§ EXERCISE DETAILS
Write out the lines below exactly, beginning at the one with "Svart fleecejacka med" and stopping after the one with "A blue outdoor"; the pictures are not copied.

§ SUPPLIED DATA
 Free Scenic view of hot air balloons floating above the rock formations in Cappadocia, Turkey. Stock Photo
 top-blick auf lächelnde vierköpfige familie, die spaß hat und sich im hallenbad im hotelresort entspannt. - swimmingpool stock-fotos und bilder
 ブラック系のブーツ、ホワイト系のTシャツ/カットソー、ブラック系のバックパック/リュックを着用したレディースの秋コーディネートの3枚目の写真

==

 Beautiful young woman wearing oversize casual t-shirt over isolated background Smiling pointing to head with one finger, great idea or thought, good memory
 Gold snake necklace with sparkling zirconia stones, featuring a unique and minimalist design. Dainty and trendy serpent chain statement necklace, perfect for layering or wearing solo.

...

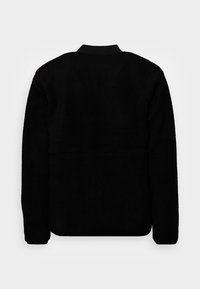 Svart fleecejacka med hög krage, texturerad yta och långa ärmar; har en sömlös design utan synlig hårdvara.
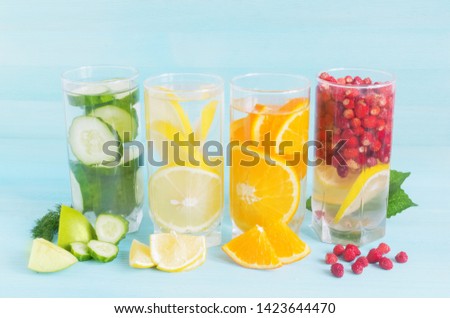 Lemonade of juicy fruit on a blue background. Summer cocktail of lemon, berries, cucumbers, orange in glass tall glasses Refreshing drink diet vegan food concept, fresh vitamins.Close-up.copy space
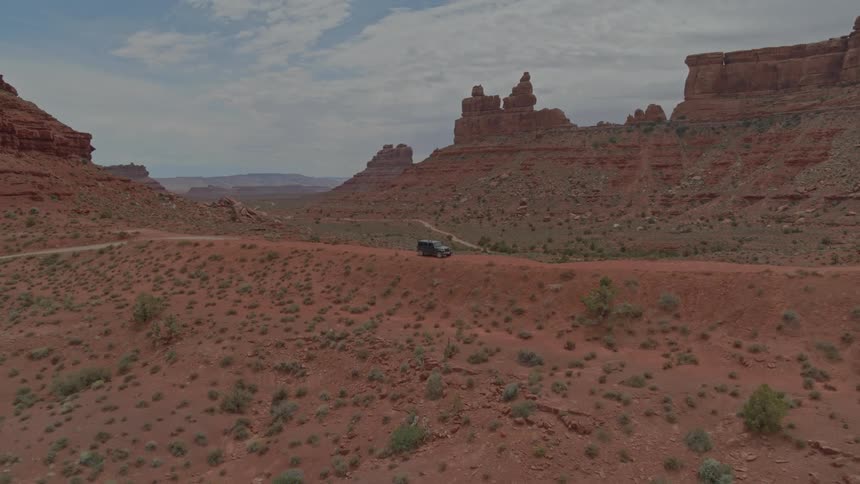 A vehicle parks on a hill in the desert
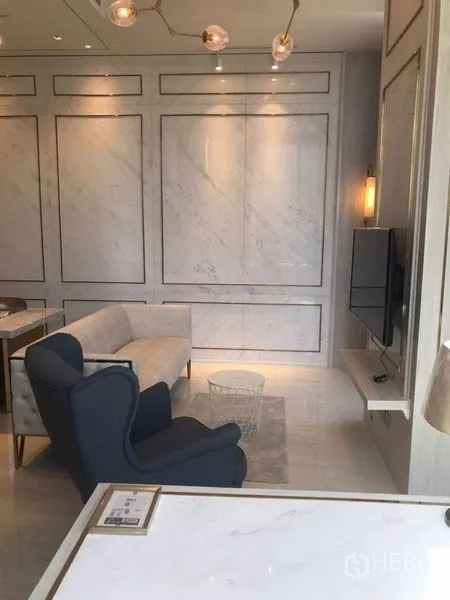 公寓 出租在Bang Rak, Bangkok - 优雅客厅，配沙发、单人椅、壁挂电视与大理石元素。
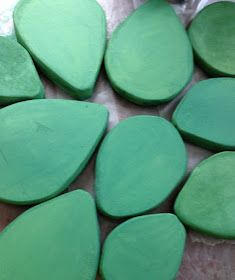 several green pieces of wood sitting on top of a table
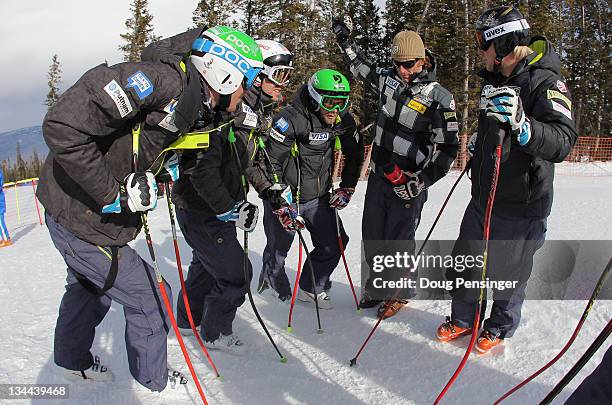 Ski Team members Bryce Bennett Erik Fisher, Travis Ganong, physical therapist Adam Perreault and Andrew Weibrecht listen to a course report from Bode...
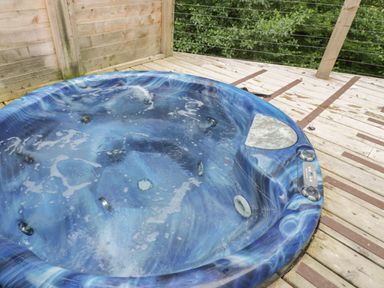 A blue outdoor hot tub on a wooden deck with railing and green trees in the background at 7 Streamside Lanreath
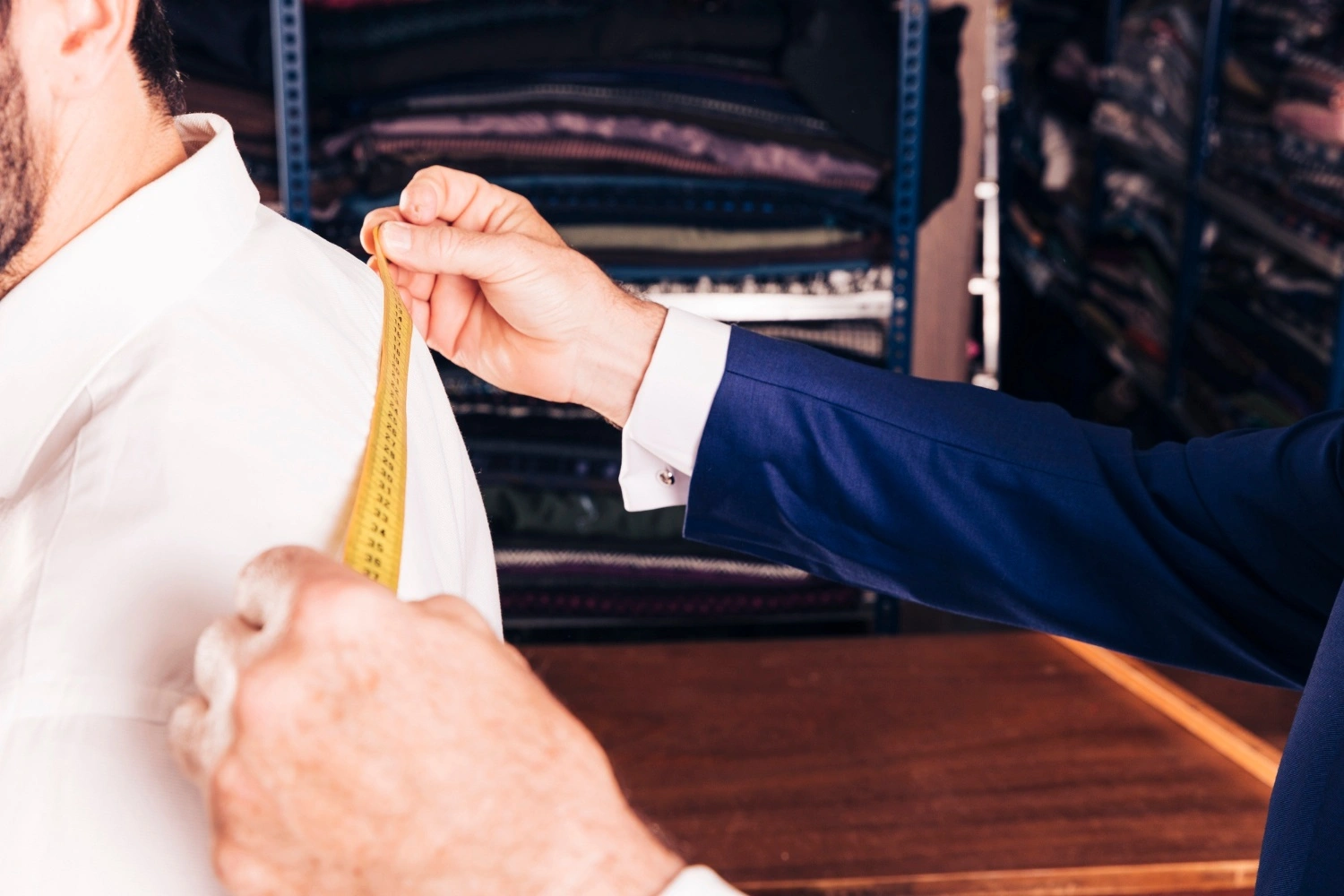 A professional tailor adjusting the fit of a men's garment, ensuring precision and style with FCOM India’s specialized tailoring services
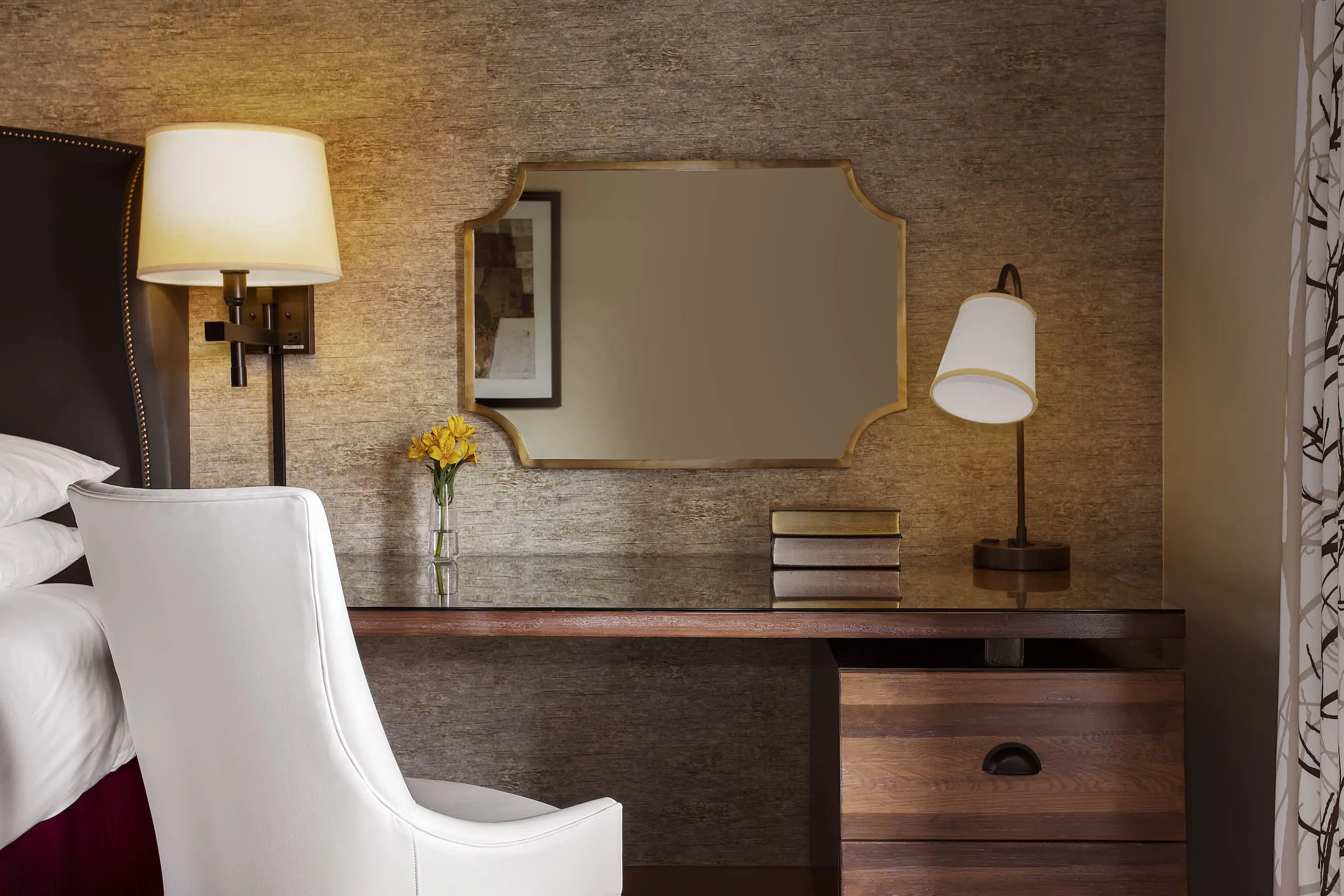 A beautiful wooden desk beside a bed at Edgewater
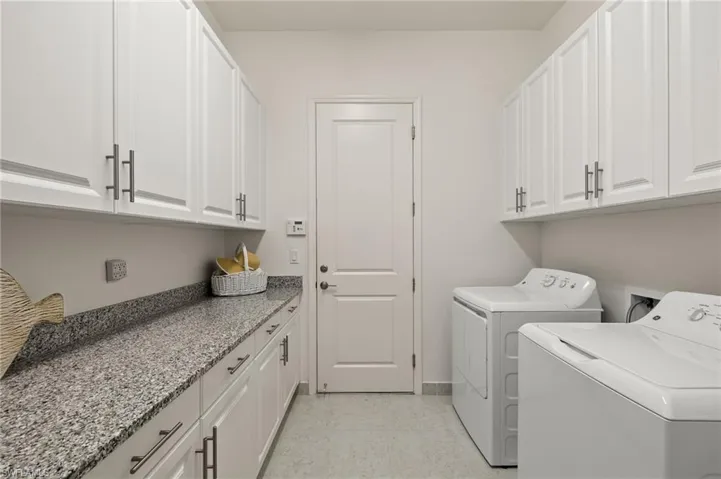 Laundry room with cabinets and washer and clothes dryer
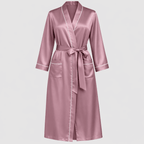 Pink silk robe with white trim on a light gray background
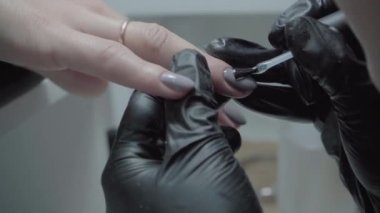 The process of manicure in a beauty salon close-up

§ EXPECTED OUTPUT
 Svart fleecejacka med hög krage, texturerad yta och långa ärmar; har en sömlös design utan synlig hårdvara.
 Lemonade of juicy fruit on a blue background. Summer cocktail of lemon, berries, cucumbers, orange in glass tall glasses Refreshing drink diet vegan food concept, fresh vitamins.Close-up.copy space
 A vehicle parks on a hill in the desert
 公寓 出租在Bang Rak, Bangkok - 优雅客厅，配沙发、单人椅、壁挂电视与大理石元素。
 several green pieces of wood sitting on top of a table
 Ski Team members Bryce Bennett Erik Fisher, Travis Ganong, physical therapist Adam Perreault and Andrew Weibrecht listen to a course report from Bode...
 A blue outdoor hot tub on a wooden deck with railing and green trees in the background at 7 Streamside Lanreath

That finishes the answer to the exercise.